Continous Parent and Discrete Child Conditional with Observed Data in PyMC

I am new to PyMC and trying to set up the simple conditional probability model: P(has_diabetes|bmi, race). Race can take on 5 discrete values encoded as 0-4 and BMI can take on a non-zero positive real number. So far I have the parent variables setup like this:

p_race = [0.009149232914923292,
          0.15656903765690378,
          0.019637377963737795,
          0.013947001394700141,
          0.800697350069735]
race = pymc.Categorical('race', p_race)

bmi_alpha = pymc.Exponential('bmi_alpha', 1)
bmi_beta = pymc.Exponential('bmi_beta', 1)
bmi = pymc.Gamma('bmi', bmi_alpha, bmi_beta, value=bmis, observed=True)

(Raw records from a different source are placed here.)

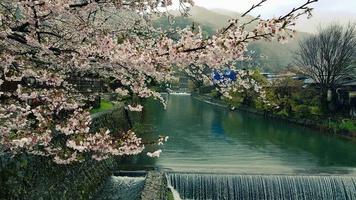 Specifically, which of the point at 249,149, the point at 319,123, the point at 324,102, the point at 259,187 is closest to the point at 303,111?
the point at 324,102

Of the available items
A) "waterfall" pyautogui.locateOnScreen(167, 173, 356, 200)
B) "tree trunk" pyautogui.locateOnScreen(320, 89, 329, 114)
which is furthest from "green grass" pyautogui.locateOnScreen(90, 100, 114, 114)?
"tree trunk" pyautogui.locateOnScreen(320, 89, 329, 114)

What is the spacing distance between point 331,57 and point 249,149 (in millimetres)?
17352

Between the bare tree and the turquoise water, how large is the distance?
561 cm

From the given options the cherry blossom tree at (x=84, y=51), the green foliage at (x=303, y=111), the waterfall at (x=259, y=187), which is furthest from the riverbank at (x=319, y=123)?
the cherry blossom tree at (x=84, y=51)

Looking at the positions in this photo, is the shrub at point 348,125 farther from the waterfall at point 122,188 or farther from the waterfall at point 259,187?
the waterfall at point 122,188

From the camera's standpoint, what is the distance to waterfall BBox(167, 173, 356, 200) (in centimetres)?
1513

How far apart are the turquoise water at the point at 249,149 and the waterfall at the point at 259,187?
0.86 m

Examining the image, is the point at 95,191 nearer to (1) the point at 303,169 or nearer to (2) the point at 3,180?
(2) the point at 3,180

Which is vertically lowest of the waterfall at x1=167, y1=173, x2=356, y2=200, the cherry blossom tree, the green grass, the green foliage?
the waterfall at x1=167, y1=173, x2=356, y2=200

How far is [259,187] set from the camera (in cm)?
1523

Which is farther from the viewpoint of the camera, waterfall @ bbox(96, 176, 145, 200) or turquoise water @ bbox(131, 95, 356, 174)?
turquoise water @ bbox(131, 95, 356, 174)

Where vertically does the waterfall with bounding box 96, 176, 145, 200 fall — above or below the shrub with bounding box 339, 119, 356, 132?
below

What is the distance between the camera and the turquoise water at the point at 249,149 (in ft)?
57.9

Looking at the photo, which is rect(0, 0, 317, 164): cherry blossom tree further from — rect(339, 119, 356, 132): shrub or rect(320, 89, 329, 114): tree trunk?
rect(320, 89, 329, 114): tree trunk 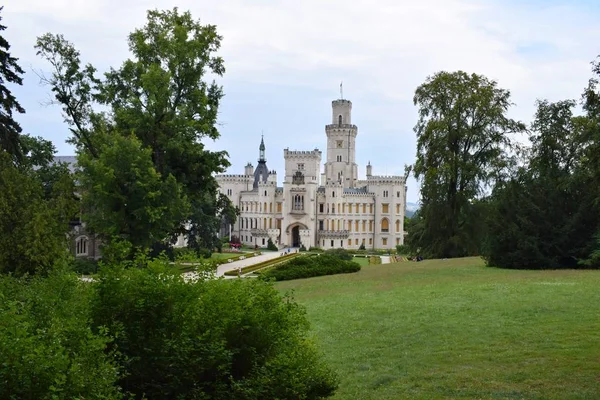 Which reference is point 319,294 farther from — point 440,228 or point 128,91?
point 440,228

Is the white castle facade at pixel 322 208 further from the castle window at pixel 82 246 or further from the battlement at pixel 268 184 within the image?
the castle window at pixel 82 246

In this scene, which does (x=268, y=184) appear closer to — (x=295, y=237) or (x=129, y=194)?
(x=295, y=237)

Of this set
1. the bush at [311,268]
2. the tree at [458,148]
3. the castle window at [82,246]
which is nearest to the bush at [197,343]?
the bush at [311,268]

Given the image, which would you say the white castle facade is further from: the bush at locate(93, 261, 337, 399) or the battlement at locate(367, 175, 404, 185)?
the bush at locate(93, 261, 337, 399)

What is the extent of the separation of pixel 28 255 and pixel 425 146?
20.9 m

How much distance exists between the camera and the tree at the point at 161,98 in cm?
2669

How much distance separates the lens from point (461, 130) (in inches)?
1325

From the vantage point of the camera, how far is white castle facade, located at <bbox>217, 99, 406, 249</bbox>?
80938 millimetres

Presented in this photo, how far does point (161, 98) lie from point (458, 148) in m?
16.1

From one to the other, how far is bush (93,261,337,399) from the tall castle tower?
77121 mm

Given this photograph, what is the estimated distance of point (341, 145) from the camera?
3398 inches

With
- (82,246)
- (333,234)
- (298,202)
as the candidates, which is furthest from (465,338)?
(298,202)

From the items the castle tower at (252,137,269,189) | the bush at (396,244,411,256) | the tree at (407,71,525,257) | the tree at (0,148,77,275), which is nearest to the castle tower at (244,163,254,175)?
the castle tower at (252,137,269,189)

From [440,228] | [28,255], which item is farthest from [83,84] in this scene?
[440,228] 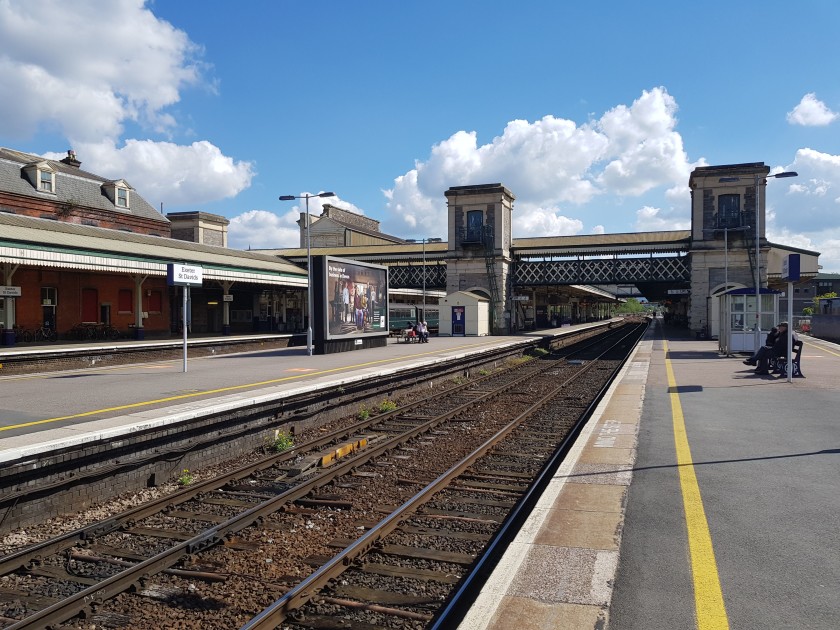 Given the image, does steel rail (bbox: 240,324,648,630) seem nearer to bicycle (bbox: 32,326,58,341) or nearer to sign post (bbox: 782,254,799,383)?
sign post (bbox: 782,254,799,383)

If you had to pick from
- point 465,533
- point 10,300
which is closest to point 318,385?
point 465,533

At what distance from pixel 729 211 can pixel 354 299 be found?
34.7 metres

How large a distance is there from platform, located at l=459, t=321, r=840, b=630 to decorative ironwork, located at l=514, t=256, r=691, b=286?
1642 inches

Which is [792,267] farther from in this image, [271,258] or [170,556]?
[271,258]

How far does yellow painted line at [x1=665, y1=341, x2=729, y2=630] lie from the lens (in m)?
3.89

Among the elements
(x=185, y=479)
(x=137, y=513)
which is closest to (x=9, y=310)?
(x=185, y=479)

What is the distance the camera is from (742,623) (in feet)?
12.5

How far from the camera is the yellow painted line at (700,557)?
3891mm

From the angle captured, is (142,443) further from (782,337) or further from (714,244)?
(714,244)

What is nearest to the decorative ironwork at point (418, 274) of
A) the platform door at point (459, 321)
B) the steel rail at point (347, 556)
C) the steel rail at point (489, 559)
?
the platform door at point (459, 321)

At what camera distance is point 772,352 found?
682 inches

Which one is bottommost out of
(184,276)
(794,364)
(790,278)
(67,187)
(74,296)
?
(794,364)

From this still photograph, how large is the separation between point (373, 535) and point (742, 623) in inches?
136

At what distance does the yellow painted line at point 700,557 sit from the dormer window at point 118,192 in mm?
44512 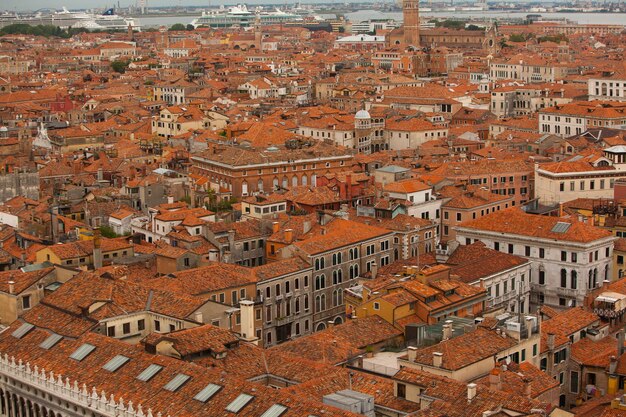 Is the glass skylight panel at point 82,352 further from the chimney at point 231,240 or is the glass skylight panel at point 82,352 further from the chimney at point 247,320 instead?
the chimney at point 231,240

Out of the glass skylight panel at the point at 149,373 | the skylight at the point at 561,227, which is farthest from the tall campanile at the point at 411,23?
the glass skylight panel at the point at 149,373

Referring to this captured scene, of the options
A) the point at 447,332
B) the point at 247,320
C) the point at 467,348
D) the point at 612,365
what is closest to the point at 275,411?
the point at 467,348

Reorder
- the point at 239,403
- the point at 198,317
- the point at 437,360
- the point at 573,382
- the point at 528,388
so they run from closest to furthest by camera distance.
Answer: the point at 239,403, the point at 528,388, the point at 437,360, the point at 198,317, the point at 573,382

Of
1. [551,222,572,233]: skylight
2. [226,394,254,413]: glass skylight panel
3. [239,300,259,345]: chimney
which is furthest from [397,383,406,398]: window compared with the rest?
[551,222,572,233]: skylight

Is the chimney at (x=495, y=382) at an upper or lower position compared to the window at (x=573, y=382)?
upper

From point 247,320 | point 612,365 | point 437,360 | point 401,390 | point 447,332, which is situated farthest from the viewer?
point 247,320

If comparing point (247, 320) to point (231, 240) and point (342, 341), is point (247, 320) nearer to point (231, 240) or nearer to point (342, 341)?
point (342, 341)

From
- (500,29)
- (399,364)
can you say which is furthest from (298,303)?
(500,29) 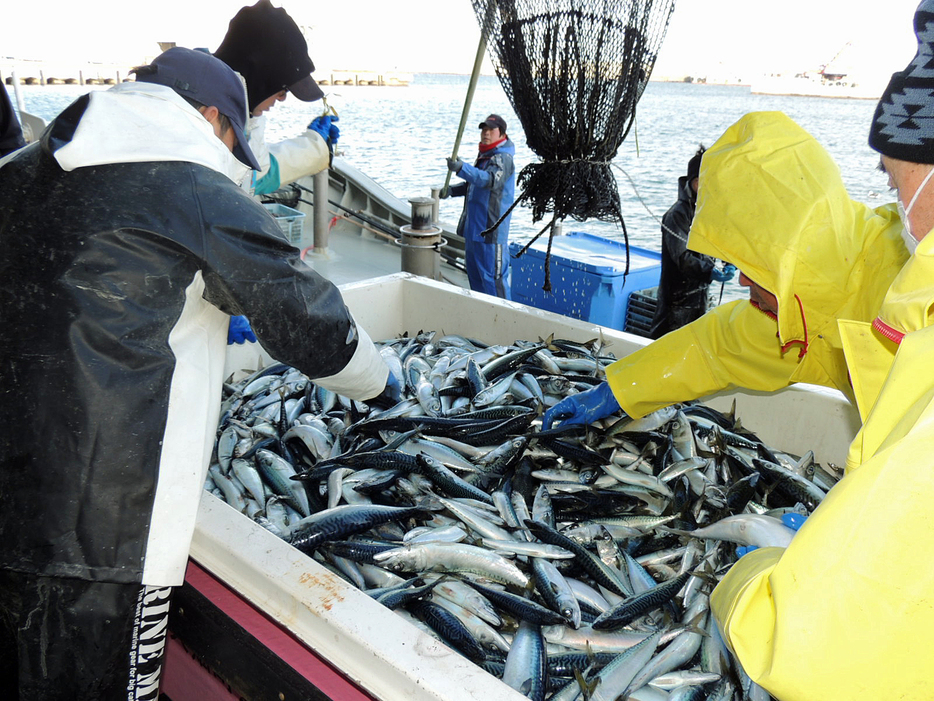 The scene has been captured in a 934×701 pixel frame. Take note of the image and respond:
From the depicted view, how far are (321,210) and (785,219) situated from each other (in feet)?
17.7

I have observed data that looks like:

| bmi | race | has_diabetes |
| 21.7 | 1 | 0 |
| 45.3 | 4 | 1 |
| 18.9 | 2 | 0 |
| 26.6 | 0 | 0 |
| 35.1 | 4 | 0 |

I am attempting to model has_diabetes as:

has_diabetes = pymc.Bernoulli('has_diabetes', p_diabetes, value=data, observed=True)

My problem is that I am not sure how to construct the p_diabetes function since it is dependent on the values of race and and the continuous value of bmi.

Solution

You need to construct a deterministic function that generates p_diabetes as a function of your predictors. The safest way to do this is via a logit-linear transformation. For example:

intercept = pymc.Normal('intercept', 0, 0.01, value=0)
beta_race = pymc.Normal('beta_race', 0, 0.01, value=np.zeros(4))
beta_bmi = pymc.Normal('beta_bmi', 0, 0.01, value=0)

@pymc.deterministic
def p_diabetes(b0=intercept, b1=beta_race, b2=beta_bmi):

    # Prepend a zero for baseline
    b1 = np.append(0, b1)

    # Logit-linear model
    return pymc.invlogit(b0 + b1[race] + b2*bmi)

I would make the baseline race be the largest group (it is assumed to be index 0 in this example).

Actually, its not clear what the first part of the model above is for, specifically, why you are building models for the predictors, but perhaps I am missing something.